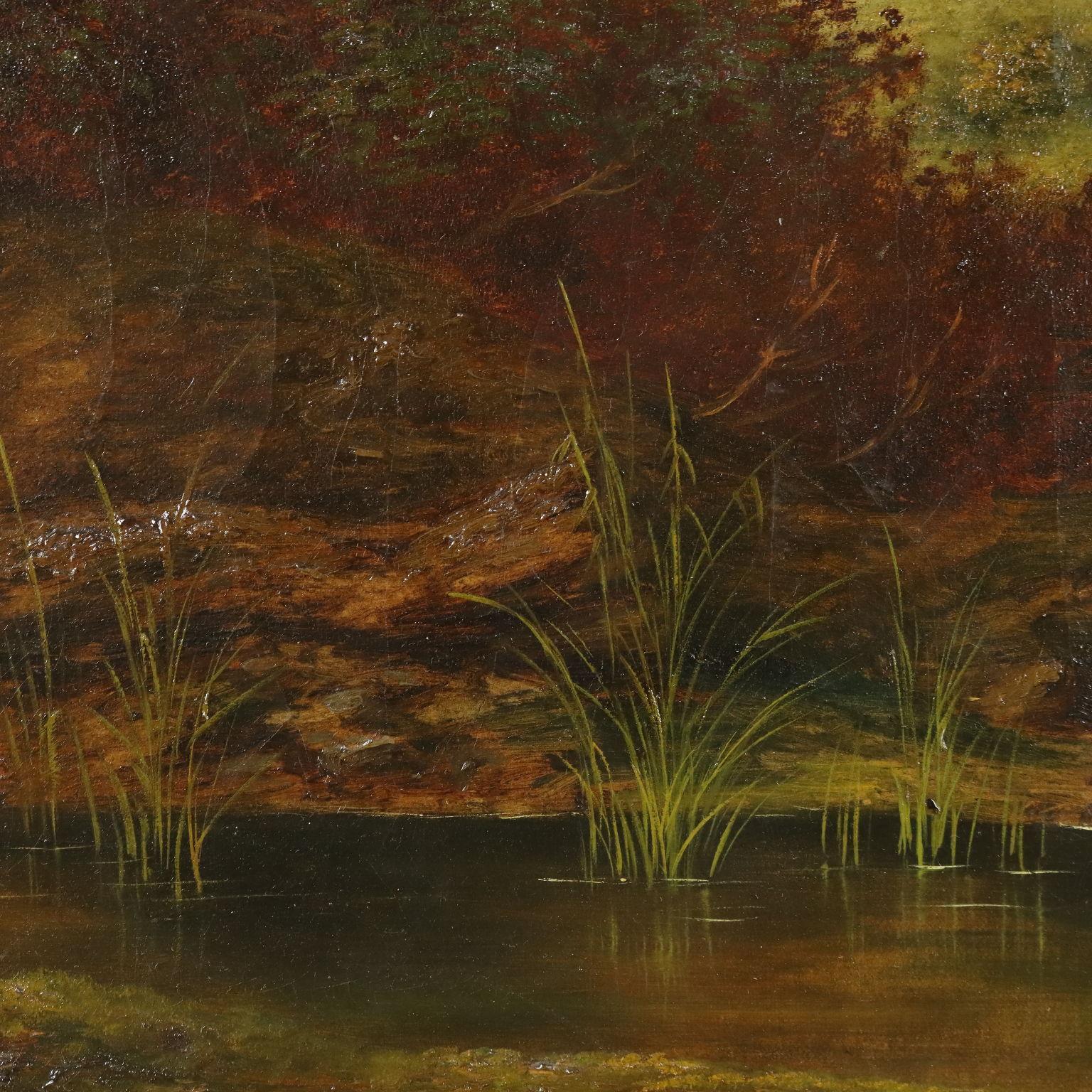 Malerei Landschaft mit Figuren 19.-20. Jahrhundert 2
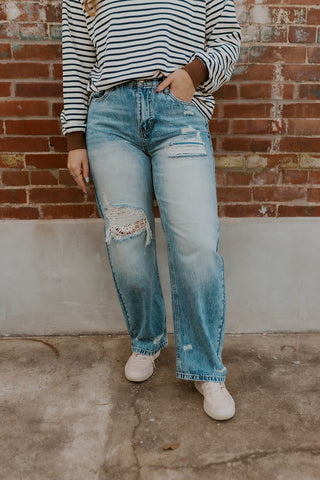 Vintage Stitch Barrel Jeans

--------------------

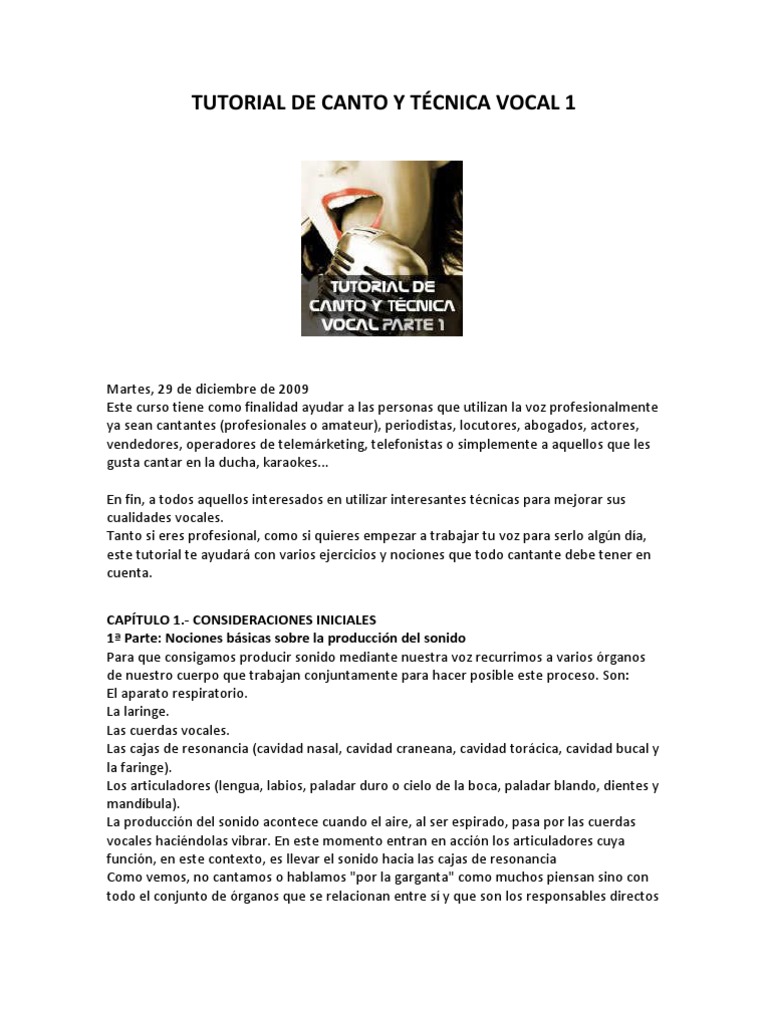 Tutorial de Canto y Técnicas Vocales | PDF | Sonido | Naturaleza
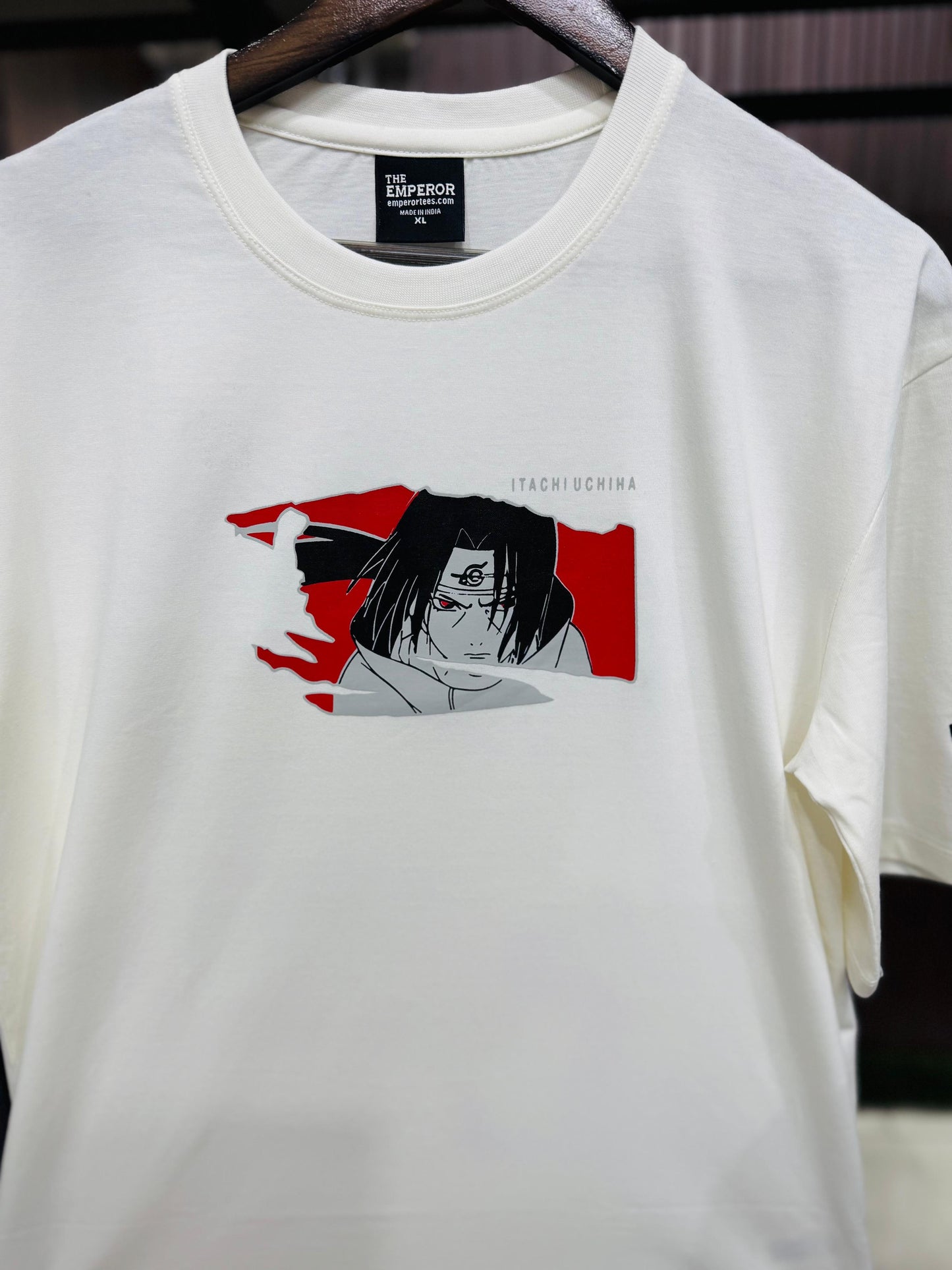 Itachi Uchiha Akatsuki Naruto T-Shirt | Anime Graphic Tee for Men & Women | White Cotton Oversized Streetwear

--------------------

Go to the line above that contains "Malerei Landschaft mit" and reproduce everything exactly from there through the line that contains "Vintage Stitch Barrel Jeans", leaving out the pictures.

— Task output —
 Malerei Landschaft mit Figuren 19.-20. Jahrhundert 2
 Vintage Stitch Barrel Jeans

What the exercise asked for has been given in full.